Data items:

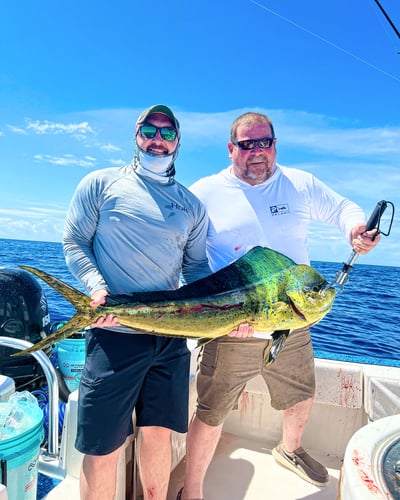 Keys Offshore Fishing Adventure In Islamorada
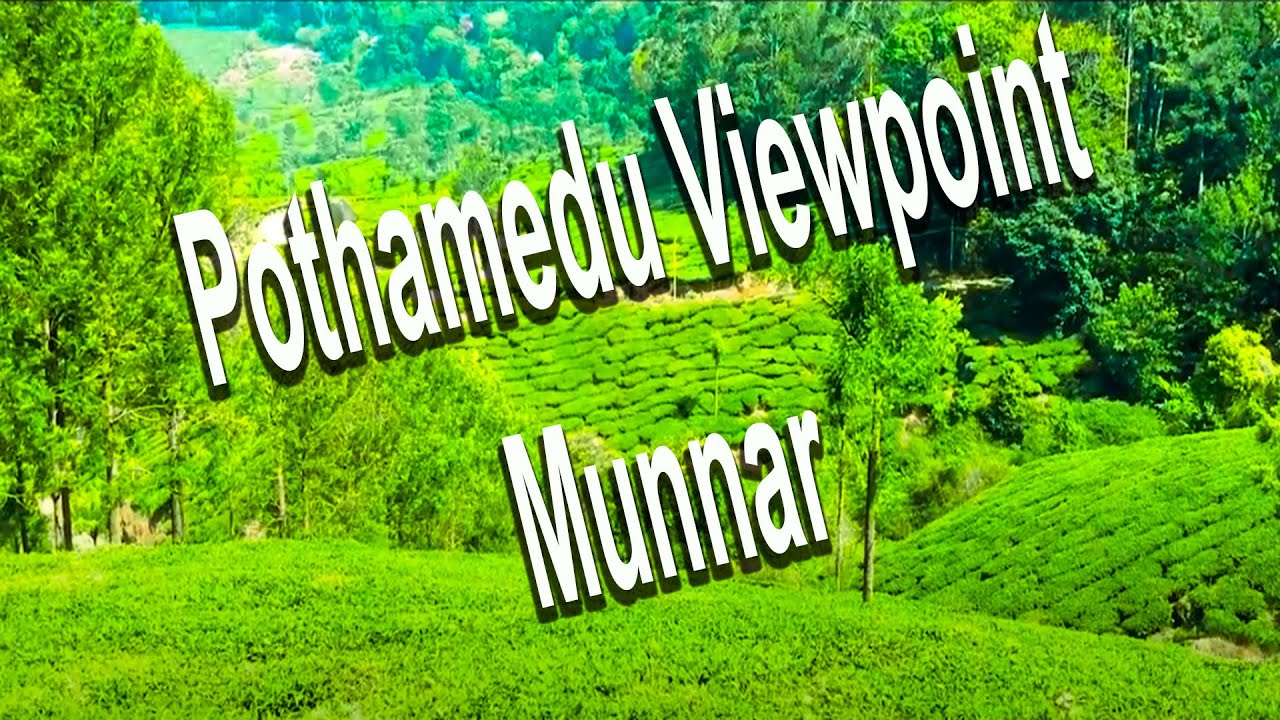 Pothamedu Viewpoint  Munnar [ Idukki, Kerala, India ]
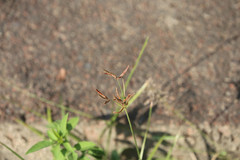 Cyperus rotundus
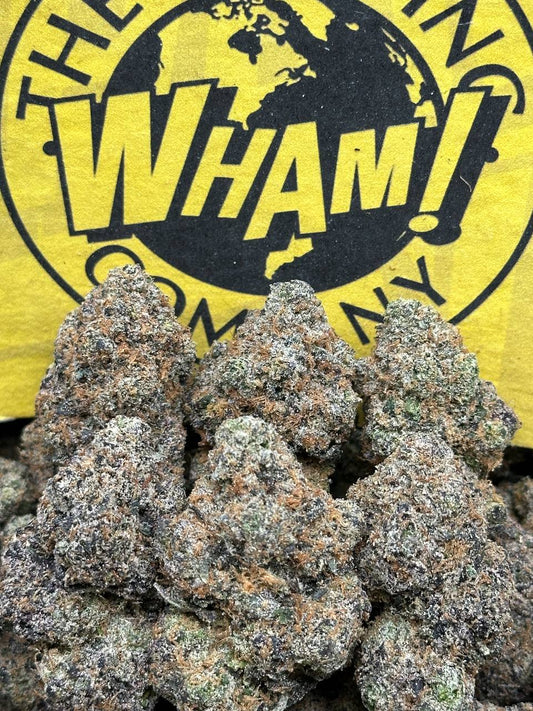 Gelato 33(Indica Hybrid)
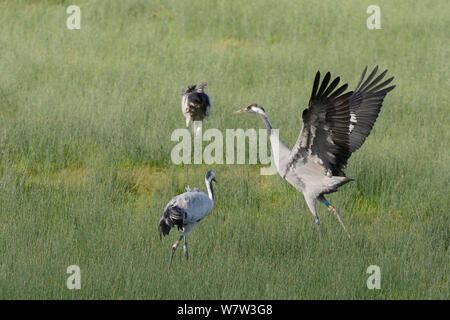 Mennis, une grue eurasienne / commune (Grus grus) publié par le grand projet de la grue sur le Somerset Levels, danser près de deux autres oiseaux de parution, elle et Wendy, sur le marais, Gloucestershire, Royaume-Uni, octobre 2013. Banque D'Images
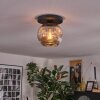 Ripoll ceiling light, globe light Smoke-coloured, 1-light source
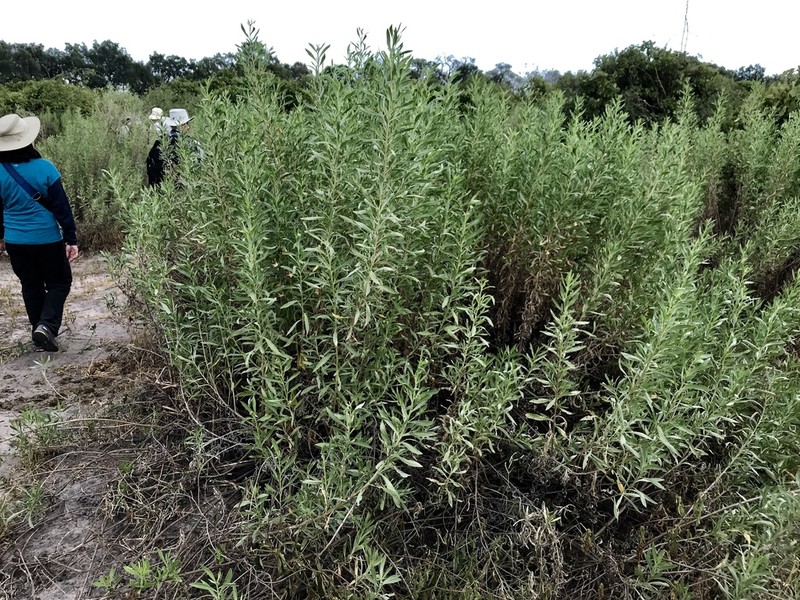 Pechuel-loeschea leubnitziae photo 5
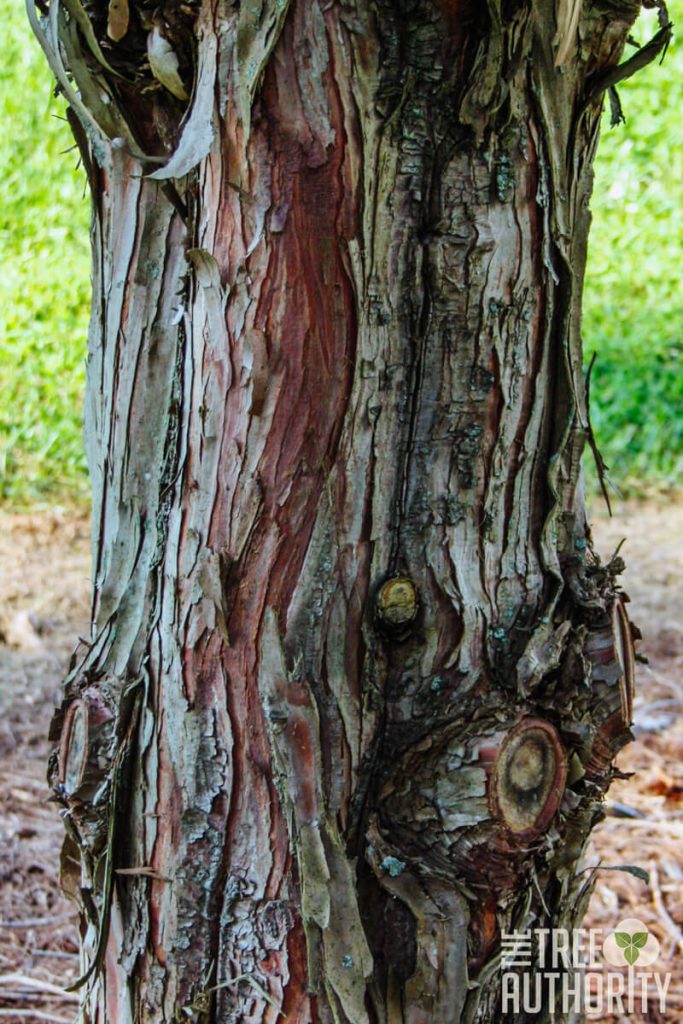 bald cypress tree leaf identification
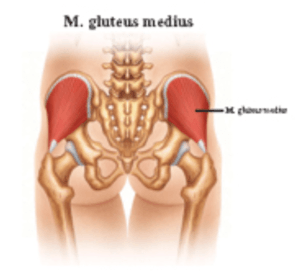 Musculus gluteus medius - Gesaessmuslulatur Läufer SCHORK Sports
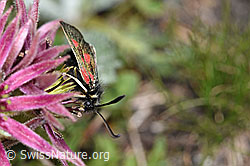 Alpen-Widderchen (Zygaena exulans) auf Berg-Hauswurz (Sempervivum montanum) (F189765) Alpen-Widderchen (Zygaena exulans) auf Berg-Hauswurz (Sempervivum montanum) (F189765)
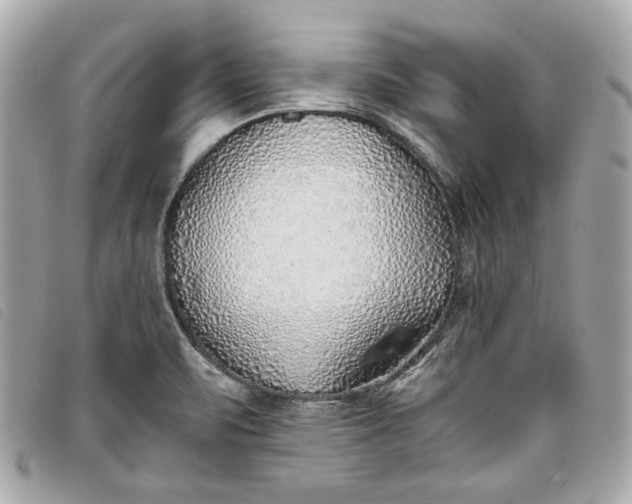 X0000093501471200710261128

### ASSIGNMENT
The answer must be the lines of the entries above, written out exactly from the first through the one with "bald cypress tree leaf identification", and no pictures.

### ANSWER
 Keys Offshore Fishing Adventure In Islamorada
 Pothamedu Viewpoint  Munnar [ Idukki, Kerala, India ]
 Cyperus rotundus
 Gelato 33(Indica Hybrid)
 Mennis, une grue eurasienne / commune (Grus grus) publié par le grand projet de la grue sur le Somerset Levels, danser près de deux autres oiseaux de parution, elle et Wendy, sur le marais, Gloucestershire, Royaume-Uni, octobre 2013. Banque D'Images
 Ripoll ceiling light, globe light Smoke-coloured, 1-light source
 Pechuel-loeschea leubnitziae photo 5
 bald cypress tree leaf identification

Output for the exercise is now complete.